Tuesday, March 02, 2010

2010/23: The Girls of Slender Means -- Muriel Spark

The weeks had passed, and since in the May of Teck Club they were weeks of youth in the ethos of war, they were capable of accommodating quick happenings and reversals, rapid formations of intimate friendships, and a range of lost and discovered loves that in later years and in peace would take years to happen, grow and fade. The May of Teck girls were nothing if not economical. Nicholas, who was past his youth, was shocked at heart by their week-by-week emotions. (p. 95)

London, 1945: the May of Teck Club, a Kensington hostel, provides accommodation for 'girls of slender means': a bevy of girls in the dormitory, gossipping about their Air Force boyfriends, and a number of slightly older women who have separate rooms but intricately-connected lives. Poverty and post-war euphoria define this novel. The girls share a Schiaparelli dress, and a fascination with young avant-garde poet Nicholas Farringdon. Jane, who works in publishing -- 'the world of books' -- is fascinated by his worldiness and his words. Joanna, who teaches elocution and has vowed never to love again, wonders if she might make an exception. Nicholas, though, is more interested in the beautiful and accessible Selina.

The Girls of Slender Means evokes an almost frantic sense of carpe diem, a pervasive relief that the war's over and simultaneously a sense of foreboding, of imminent change. This is a London of unexploded bombs, quiet violence, rationing and the black market.

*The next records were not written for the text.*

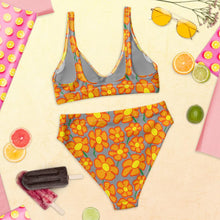 Load image into Gallery viewer, Orangeflower Pattern on Med Gray - Recycled AOP High-waisted Bikini - Keen Eye Design
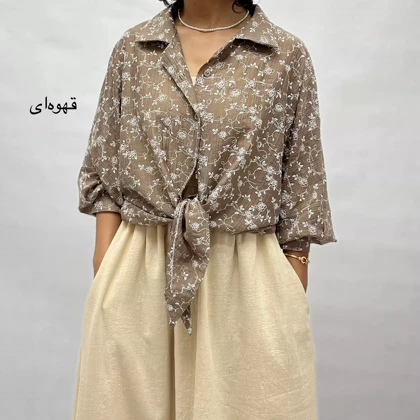 شومیز زنانه کراپ شیشه ای گل 002911247926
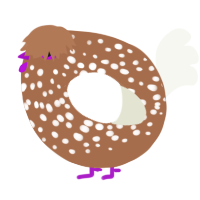 A brown and white chicken with a speckle pattern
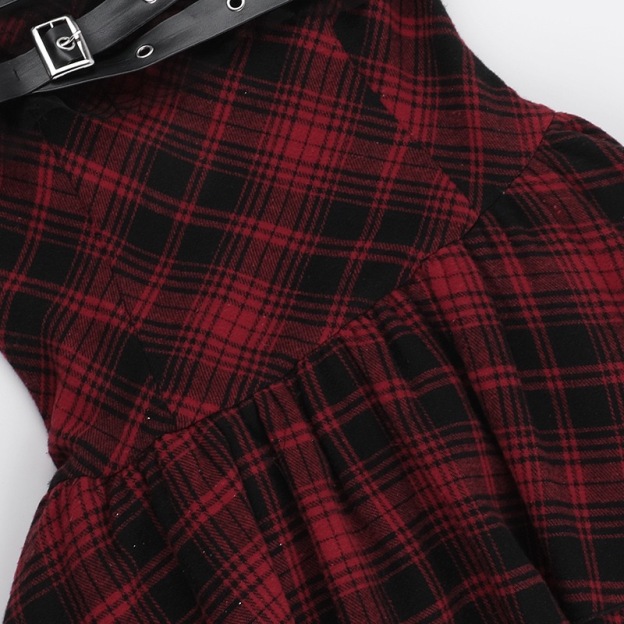 Red Plaid Sheath Dress--Straykids concert outfitidea for STAY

I read this because a friend remarked on its similarities to Hilary Mantel's An Experiment in Love. There are similarities: the girls living together almost claustrophobically, the fire at the end, perhaps the framing of a character looking back much later. The Mantel novel, though, is a much darker book. While some of the events may be comparable, the tone and flow and focus are not.